• [ASSIGNED TASK] Each line from the one with "FFKV 01-135, #28." through the last line below must be written out exactly. Do not copy pictures.

_____

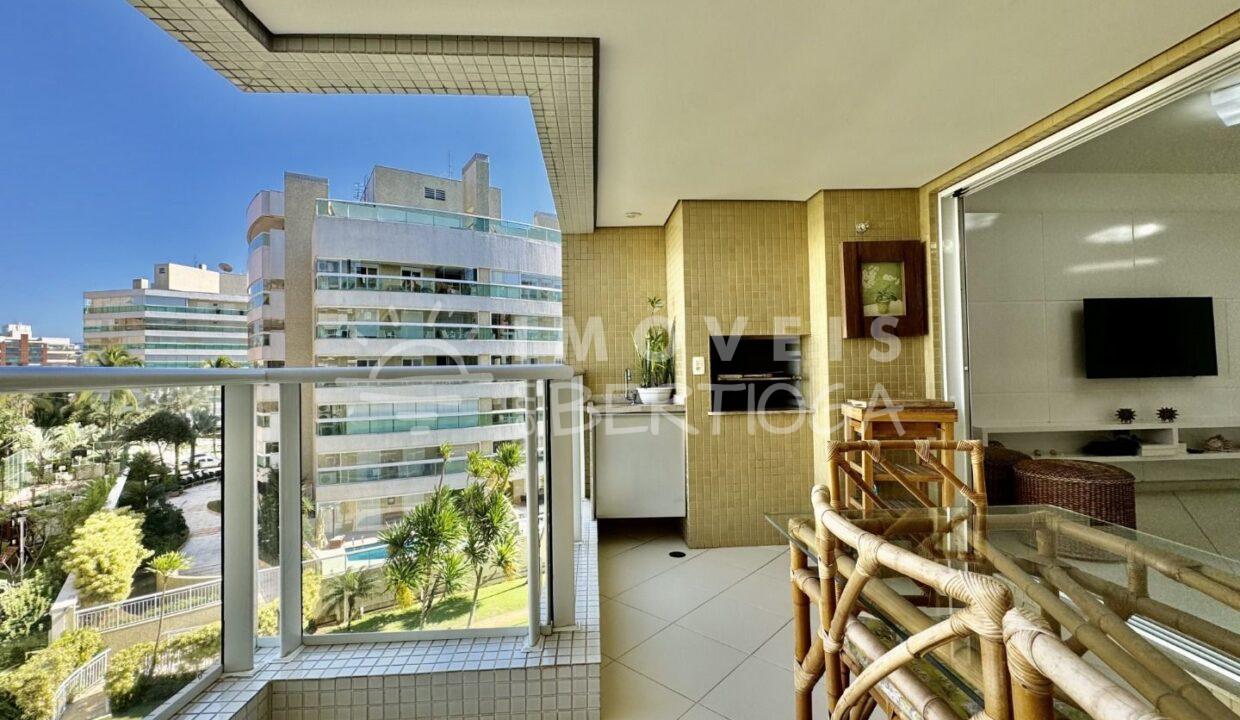 Apartamento-venda-BERTIOGA-RIVIERA-DE-SAO-LOURENCO-AP6493R-imobiliaria-na-riviera-imobiliaria-bertioga-2025-10-27_08-29-40_foto_rm-3
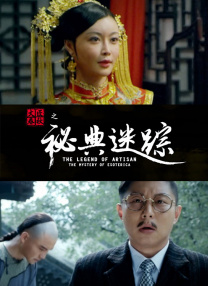 99久在线观看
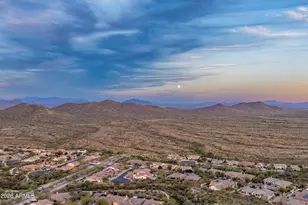 1725 W Burnside Trail, Phoenix, AZ 85085 - Photo 49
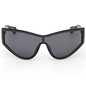 Max&Co 0137 20A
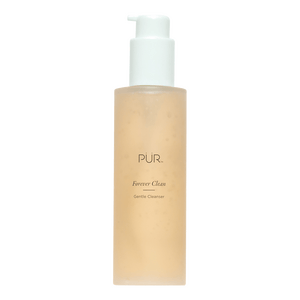 Forever Clean Gentle Cleanser 150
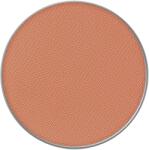 M·A·C Powder Kiss Eyeshadow Сенки единични 1, 5gr - douglas - 31,20 лв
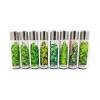 CLIPPER PARADISE SEEDS LIGHTER - 48 PCS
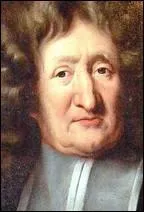 Le jeune frre de Pierre Corneille, essaya sa vie durant de suivre le parcours de son an. C'est lui que la veuve de Molire choisira pour rcrire  Dom Juan . Quel tait son prnom ?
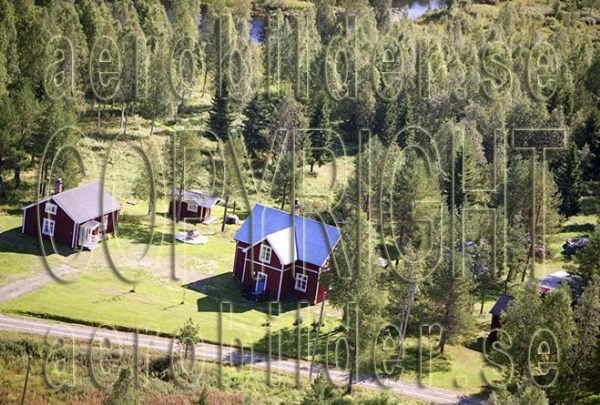 FFKV 01-135, #28. FFKV 01-135_0028 (Uppges vid kontakt med Svenska Aero-Bilder AB)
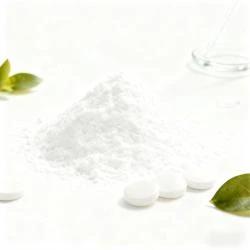 薄膜包衣粉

_____

• [EXERCISE RESULT]
 FFKV 01-135, #28. FFKV 01-135_0028 (Uppges vid kontakt med Svenska Aero-Bilder AB)
 薄膜包衣粉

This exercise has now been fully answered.